Notice that a rolled out cookie dough contains a lot of eggs

In the typebase recipe, egg whites are optional.  Another reason why it's not going to convert well.

Heart shaped cookies from scratch (probably difficult to make compliant)
http://lanilovesbaking.blogspot.com/2012/09/heart-shape-sugar-cookies-from-scratch.html

I've tried this trick before but when cookies baked I lost my heart shape
http://astepinthejourney.com/2013/02/heart-shaped-cookies/
Posted by: Spring, Tuesday, February 12, 2013, 10:44pm; Reply: 6
Having a heart shaped muffin tin would force these cookies to "shape up!" I make cookies in muffin tins often.
Posted by: prunella, Wednesday, February 13, 2013, 1:37am; Reply: 7
Can you eat almond flour? grapeseed or olive oil? a bit of agave?  If you can eat butter, go ahead, but I use oil with good results.
http://www.elanaspantry.com/pecan-shortbread-cookies/

I use a recipe from the Almond Flour cookbook--I think it's on the blog Elana's Pantry. There are several cookie recipes that are very similar.  I love the ones with chips made from chopping up 85% dark chocolate. Sometimes I add pecans or macademia nuts.
Also, I love the ones with pecans and fresh rosemary.

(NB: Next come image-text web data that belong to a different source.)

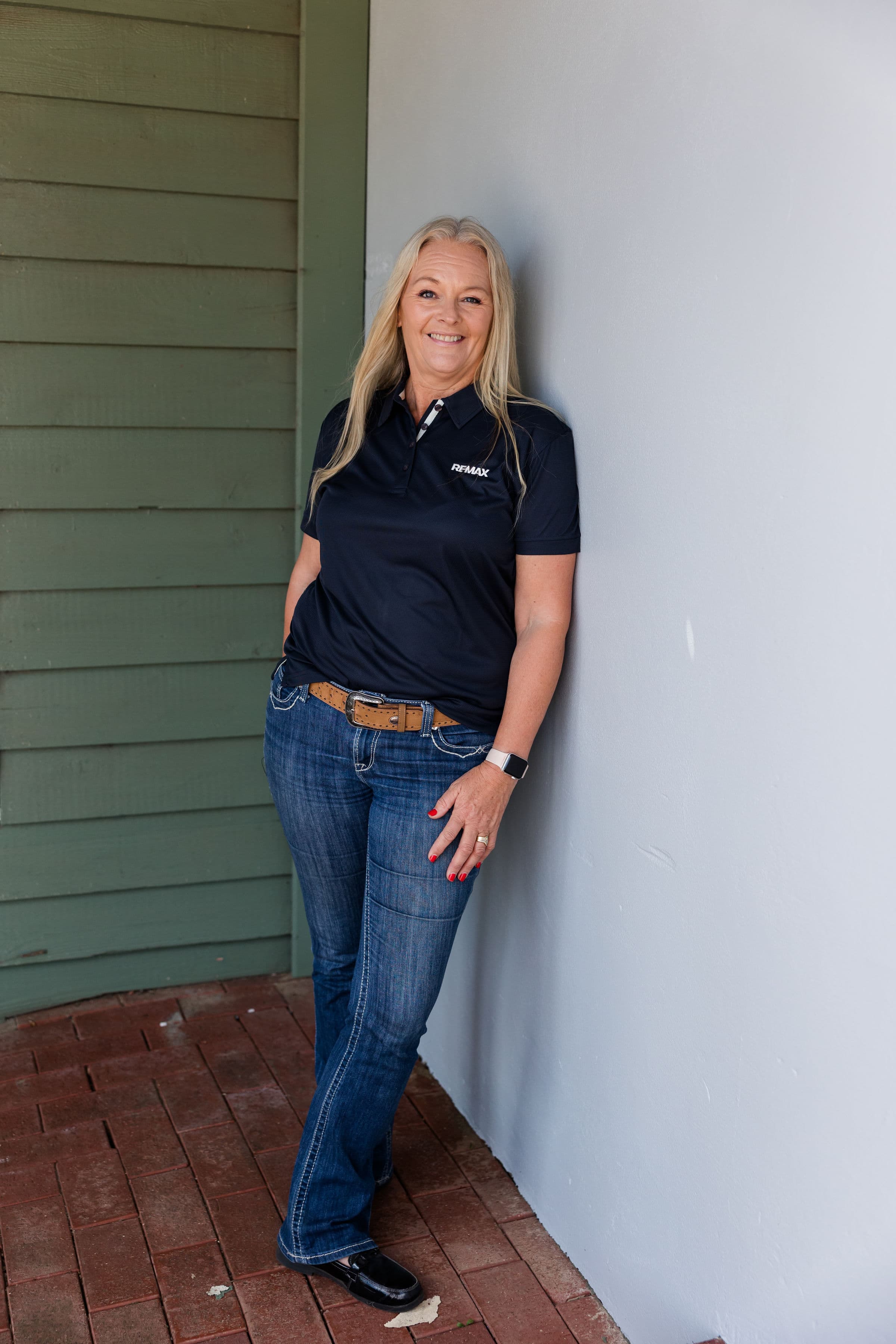 Smiling blonde woman in a navy RE/MAX polo and jeans, leaning against a white wall.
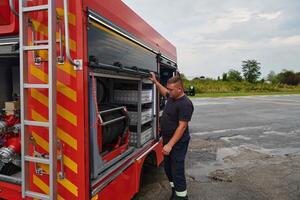 A dedicated firefighter preparing a modern firetruck for deployment to hazardous fire-stricken areas, demonstrating readiness and commitment to emergency response photo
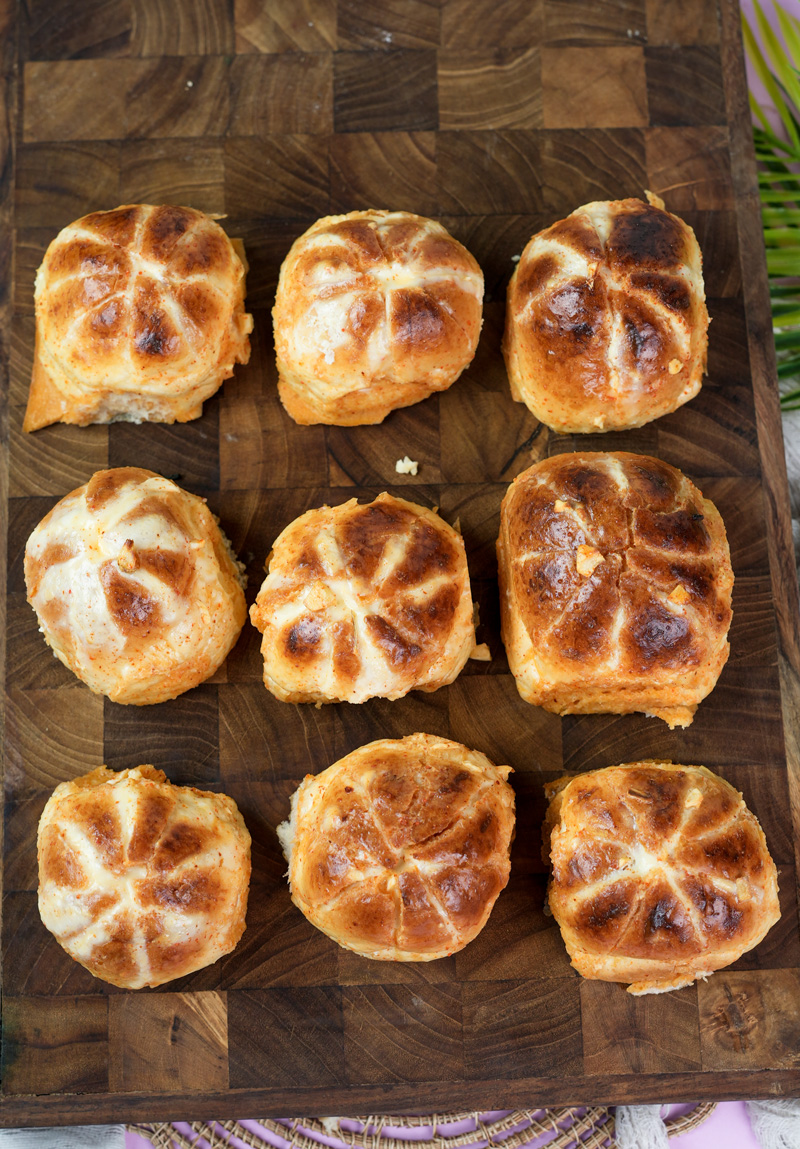 Golden Korean buns with cross-hatch tops on wooden board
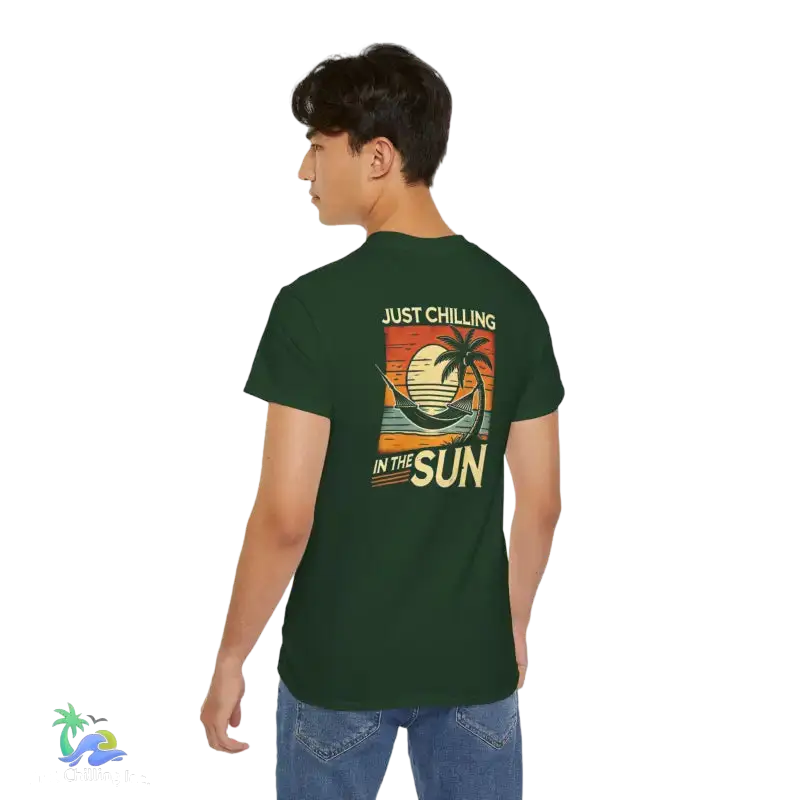 Green t-shirt with beach graphic.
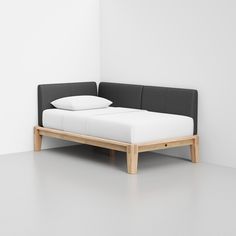 a bed with two pillows on top of it and a white wall in the background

I mix up the dough, then roll it into a log, which I freeze until solid. You may be able to freeze for 1-2 hours.
Essentially, these become slice and bake cookies. While the log is still quite hard, but thawed slightly, I slice disks. These do not spread.  A heart shape could be made by cutting a notch and pinching the pointed bottom.

Happy Valentines Day!
Posted by: ruthiegirl, Wednesday, February 13, 2013, 2:38pm; Reply: 8
I personally think you're better off taking a typical "sugar cookie" recipe and substituting a compliant flour. I would use real sugar for this.

Alternatively, bake round cookies and then "paint" them with a heart-shaped frosting after they've cooled.

Or just bake them round-ish and don't worry about the holiday-themed shape.
Posted by: Spring, Thursday, February 14, 2013, 4:28am; Reply: 9
I don't know why I didn't think of this earlier, but I have very good luck with baking cookies round and cutting them whatever shape I want after they are cooked! Works great! My family loves oatmeal cookies and even with lots of nuts and cranberries and raisins added they make a perfect cut every time. And I don't have a bit of trouble getting rid of what's left after I cut them! These cookies are moderately chewy.
Posted by: Chloe, Thursday, February 14, 2013, 3:20pm; Reply: 10
Quoted from Spring
I don't know why I didn't think of this earlier, but I have very good luck with baking cookies round and cutting them whatever shape I want after they are cooked! Works great! My family loves oatmeal cookies and even with lots of nuts and cranberries and raisins added they make a perfect cut every time. And I don't have a bit of trouble getting rid of what's left after I cut them! These cookies are moderately chewy.


Are you using your cookie cutter when cookies are still warm?  It's a great idea Spring....you're very clever!  :)

Posted by: Spring, Thursday, February 14, 2013, 6:47pm; Reply: 11
Quoted from Chloe
Are you using your cookie cutter when cookies are still warm?  It's a great idea Spring....you're very clever!  :)

Thanks, Chloe! It doesn't seem to matter whether they are warm or cold.  Sometimes there is a thinner rim around the cookie that is VERY crisp, and it breaks up but the cookie itself is always just right! It is fun to have perfect cookies on a plate! One suggestion I would make is to be sure the cutters are nice and sharp. A tea cake type cookie that someone wants to decorate might need to be left slightly soft which is the case with my recipes anyway. But if the cookie is going to be very crisp through and through after cooling, I would cut them before they finish cooling. Like I have said before, my family almost feels deprived that I don't make cookies as much as I used to do, but I have used this method of cutting cookies for years.